Democrats Are Ditching Class, and It’s Costing Them Working-Class Voters

Neither mainstream American political party has a compelling message for working-class voters. As a result, voters are starting to vote in line with their cultural opinions, not their class interests. Unfortunately, that’s good news for the Right.

President Biden Delivers Remarks On Russia And Ukraine

US president Joe Biden in the White House on February 15, 2022 in Washington, DC. (Alex Wong / Getty Images)


More than a year into Joe Biden’s presidency, it’s clear that the president is not, as some had anticipated, the “second coming of FDR and LBJ.” His signature infrastructure bill, which the White House touted as being “twice as big” as the New Deal, is no New Deal at all — it doesn’t even hold a candle to the Great Society.

Biden’s failure to fulfill the liberal punditry’s most breathless predictions about his administration is bad news for America’s working class, most of whom are living paycheck to paycheck. It’s also bad news for the Democratic Party, which has been hemorrhaging working-class voters for decades and has now entered triage.

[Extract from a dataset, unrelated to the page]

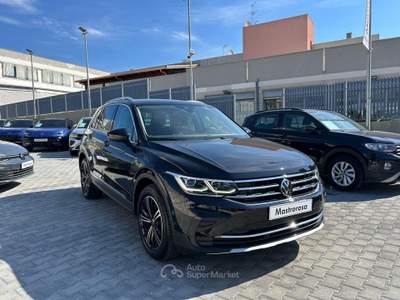 Volkswagen Tiguan SCR DSG Elegance Nero usata Monopoli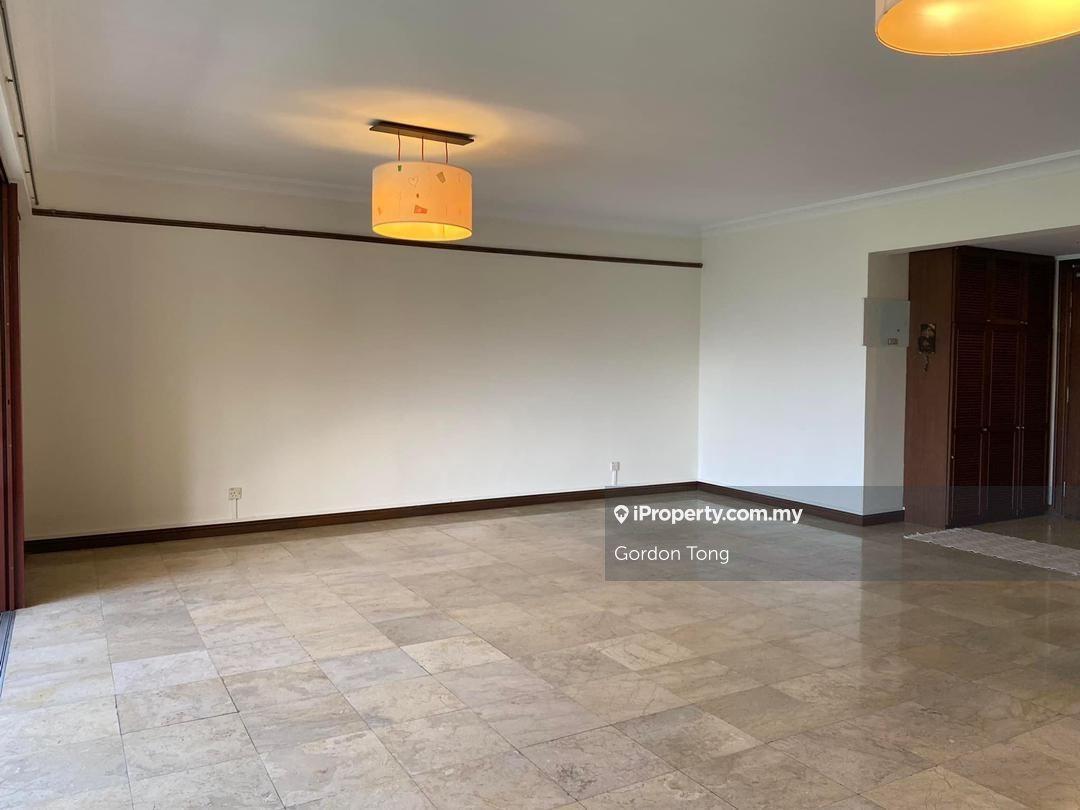 Freehold condominium in Taman Duta, Bukit Tunku, 1810sqft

The Democratic Party’s top brass has portrayed this shift as a conscious strategy. As New York senator Chuck Schumer put it, “For every blue-collar Democrat we lose in western Pennsylvania, we will pick up two moderate Republicans in the suburbs in Philadelphia.” But those numbers don’t add up electorally. To stay afloat, the party needs to win back the working-class voters it’s lost. And to do that, it needs to demonstrate that it’s able to enact policy in workers’ favor, which the Biden administration has so far been unable to accomplish.